Il sistema criminale che aveva messo su con il marito venne alla luce nel 1912 quando a morire nella sua clinica fu Claire Williamson, una facoltosa donna britannica che al momento del decesso pesava una ventina di chili, ma che a detta di Linda era morta perché aveva ricevuto trattamenti farmacologici da bambina che le avevano causato danni irreparabili al fegato che nessuna cura avrebbe mai potuto sanare. Ad accusare Linda di omicidio fu Dora Williamson, sorella della vittima sopravvissuta miracolosamente alla terapia della dottoressa fame grazie ad un amico di famiglia che l’aveva portata via da ‘Wilderness Heights’ e l’aveva fatta rinsavire. Durante il processo, infatti, venne alla luce che la Burfield Hazzard plagiava i pazienti affinchè praticassero la digiunoterapia e le intestassero i loro beni, mentre i medici nominati dal tribunale confermarono che la morte della Williamson era stata causata dalla fame.
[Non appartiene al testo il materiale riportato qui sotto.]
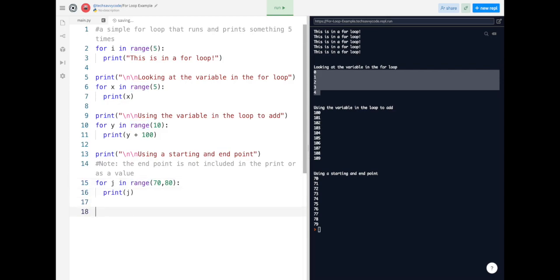Last but not least, you can also add a third placement — an increment or decrement. An increment means to increase and a decrement means to decrease. In Python books they'll call these 'steps'. The third value you can place in is how many steps you want to go up or jump between, or how many steps you want to go down if you put a negative number.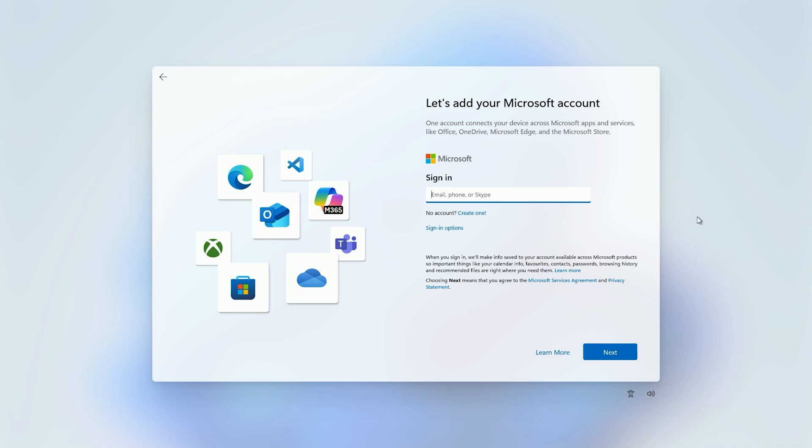Hey guys, I'm Dwapass here and today I'm going to show you how you can create a local account and bypass the requirement for a Microsoft account on Windows 11 setup.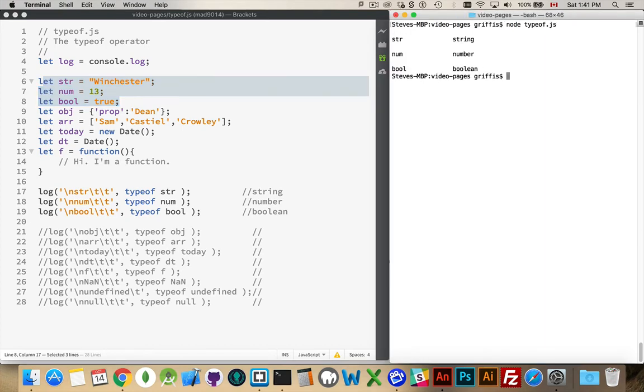So there we go: string, number, Boolean. So this variable is a string, this one is a number, this one's a Boolean. Simple enough.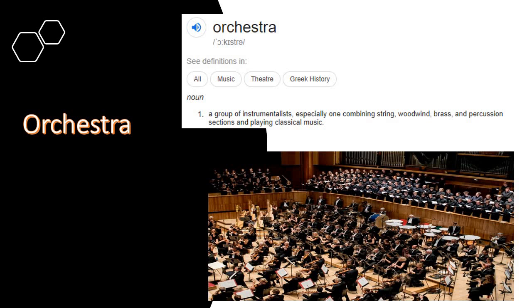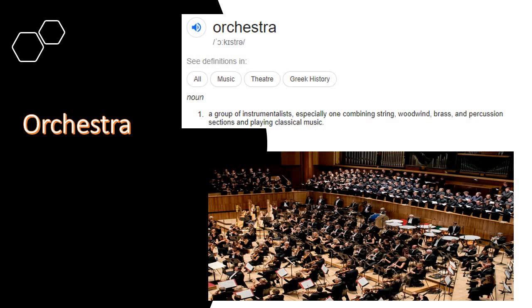We're going to be looking at some of these instruments that are used particularly in orchestras. So what is an orchestra? An orchestra is a group of instrumentalists — and an instrumentalist is a person who plays an instrument. For example, this lady is an instrumentalist and her instrument is the harp. An orchestra is a big group of people, especially one combining string, woodwind, brass and percussion sections, playing classical music. You don't really find orchestras playing pop music — generally speaking, they play classical music.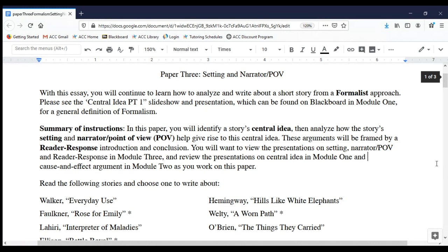Paper three is, in many ways, going to be very similar to paper two. Just like paper two, paper three is going to pursue the formalist mission of analyzing certain elements and connecting those elements to the story's central idea. So just like in paper two, here in paper three you will be engaging in some cause and effect argument in which you link certain aspects of elements of fiction to your chosen story's central idea. That's the primary similarity between papers two and three.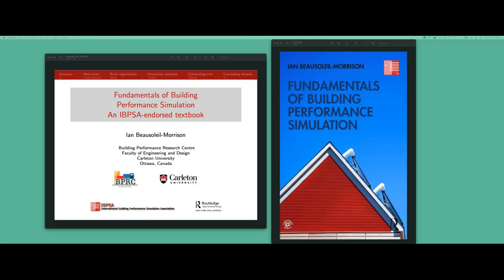Good morning. Good afternoon. Good evening. This is Rajan Raval from IBIPSA Education Committee. I am very happy to offer the first webinar of 2021 and I'm glad that Ian Morrison has agreed to offer this webinar.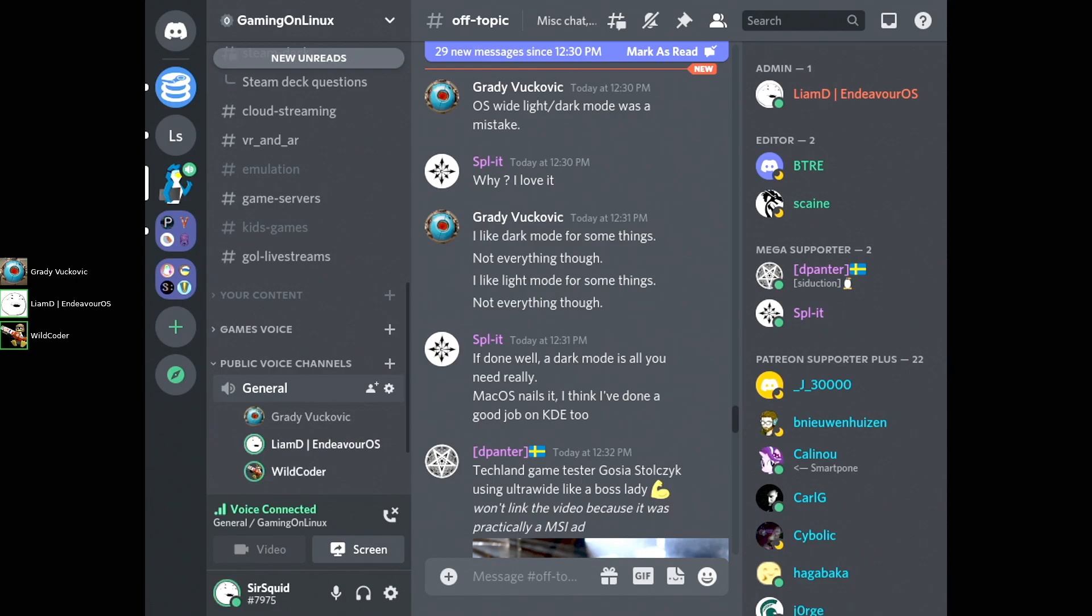So, this is the Discover Overlay for Discord working on the Steam Deck, and I can see you guys on my screen right now. Oh, cool! Excellent!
Linda si difese affermando di essere stata vittima di una persecuzione organizzata da parte dei medici tradizionali che erano gelosi di lei perché – disse – curava i pazienti che loro non erano in grado di guarire. La giuria non le credette e la condannò a 20 anni di carcere per omicidio colposo. La donna, però, ne scontò soltanto due perché nel 1915 fu rilasciata sulla parola e l’anno seguente ebbe l’indulto. Riavuta la libertà, lei e il marito sparirono per un po’ rifugiandosi in Nuova Zelanda dove lavorò come dietista e osteopata, tuttavia il desiderio di riprendere il vecchio lavoro era talmente forte che nel 1920 la coppia ritornò a Olalla per aprire una nuova clinica con annesso ateneo per formare nuovi digiunoterapeuti. Ma un incendio nel 1935 distrusse la sua ‘scuola della salute’ mettendo la parola fine ai suoi sogni.

Lei, invece, morì tre anni dopo. Non si sentiva bene e cercò di curarsi con la sua stessa terapia, che, ironia della sorte, la portò alla morte.